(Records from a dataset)
= Beginning of Section =

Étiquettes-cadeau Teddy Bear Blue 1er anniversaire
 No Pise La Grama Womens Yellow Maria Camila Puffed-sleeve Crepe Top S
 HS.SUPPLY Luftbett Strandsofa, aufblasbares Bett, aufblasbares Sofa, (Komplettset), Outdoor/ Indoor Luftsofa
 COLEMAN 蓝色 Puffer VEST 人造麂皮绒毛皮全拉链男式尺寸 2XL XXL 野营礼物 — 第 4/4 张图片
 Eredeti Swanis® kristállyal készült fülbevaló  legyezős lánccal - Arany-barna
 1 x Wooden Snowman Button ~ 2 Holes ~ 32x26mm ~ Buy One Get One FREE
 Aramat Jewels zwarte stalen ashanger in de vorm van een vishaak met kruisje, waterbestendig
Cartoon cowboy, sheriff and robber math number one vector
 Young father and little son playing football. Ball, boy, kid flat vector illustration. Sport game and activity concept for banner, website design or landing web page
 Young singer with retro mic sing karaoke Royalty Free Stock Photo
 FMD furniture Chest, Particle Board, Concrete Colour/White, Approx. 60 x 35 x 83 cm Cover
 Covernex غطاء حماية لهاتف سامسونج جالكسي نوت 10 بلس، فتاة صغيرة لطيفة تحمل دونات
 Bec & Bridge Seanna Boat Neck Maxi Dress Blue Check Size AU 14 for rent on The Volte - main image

= End of Section =

Directions:
Copy out every record above once more, precisely as written.

Answer area:
Étiquettes-cadeau Teddy Bear Blue 1er anniversaire
 No Pise La Grama Womens Yellow Maria Camila Puffed-sleeve Crepe Top S
 HS.SUPPLY Luftbett Strandsofa, aufblasbares Bett, aufblasbares Sofa, (Komplettset), Outdoor/ Indoor Luftsofa
 COLEMAN 蓝色 Puffer VEST 人造麂皮绒毛皮全拉链男式尺寸 2XL XXL 野营礼物 — 第 4/4 张图片
 Eredeti Swanis® kristállyal készült fülbevaló  legyezős lánccal - Arany-barna
 1 x Wooden Snowman Button ~ 2 Holes ~ 32x26mm ~ Buy One Get One FREE
 Aramat Jewels zwarte stalen ashanger in de vorm van een vishaak met kruisje, waterbestendig
Cartoon cowboy, sheriff and robber math number one vector
 Young father and little son playing football. Ball, boy, kid flat vector illustration. Sport game and activity concept for banner, website design or landing web page
 Young singer with retro mic sing karaoke Royalty Free Stock Photo
 FMD furniture Chest, Particle Board, Concrete Colour/White, Approx. 60 x 35 x 83 cm Cover
 Covernex غطاء حماية لهاتف سامسونج جالكسي نوت 10 بلس، فتاة صغيرة لطيفة تحمل دونات
 Bec & Bridge Seanna Boat Neck Maxi Dress Blue Check Size AU 14 for rent on The Volte - main image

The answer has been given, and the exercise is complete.